Task » When you return the data, keep every line exactly as it is and leave out the pictures.

Collected data »
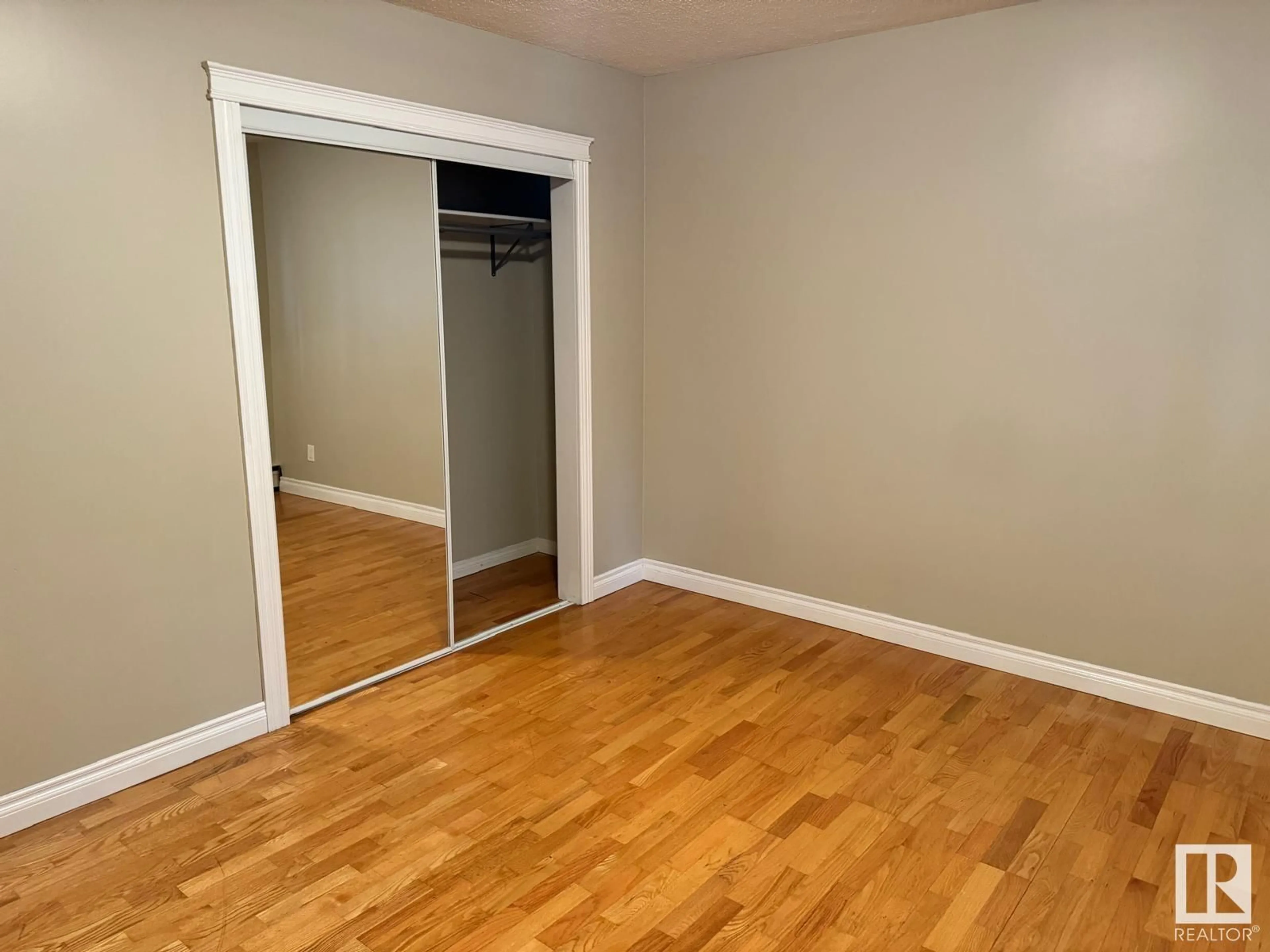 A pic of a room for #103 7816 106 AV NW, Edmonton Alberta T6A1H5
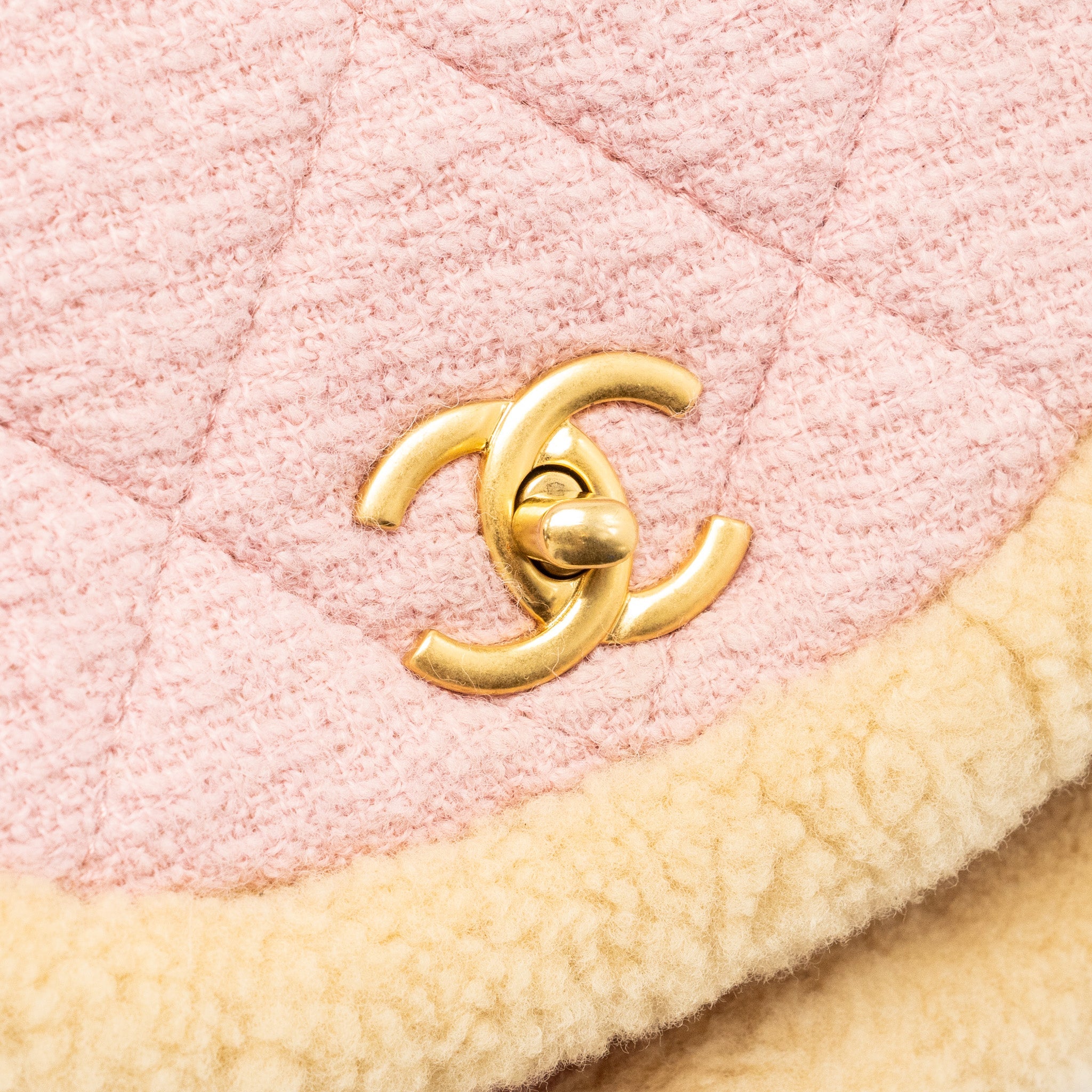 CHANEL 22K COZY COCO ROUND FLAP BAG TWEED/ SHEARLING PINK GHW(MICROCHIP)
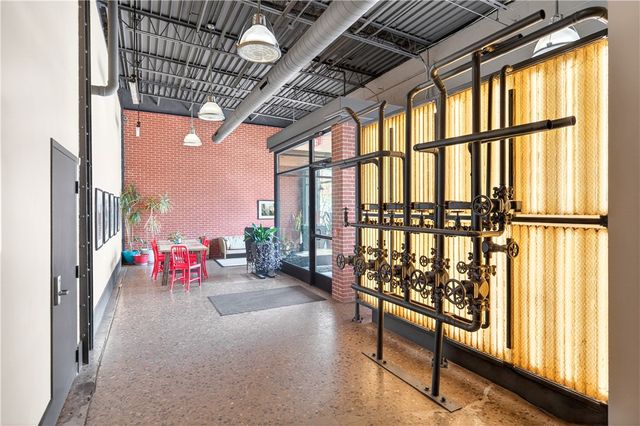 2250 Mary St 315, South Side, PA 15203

Written response »
 A pic of a room for #103 7816 106 AV NW, Edmonton Alberta T6A1H5
 CHANEL 22K COZY COCO ROUND FLAP BAG TWEED/ SHEARLING PINK GHW(MICROCHIP)
 2250 Mary St 315, South Side, PA 15203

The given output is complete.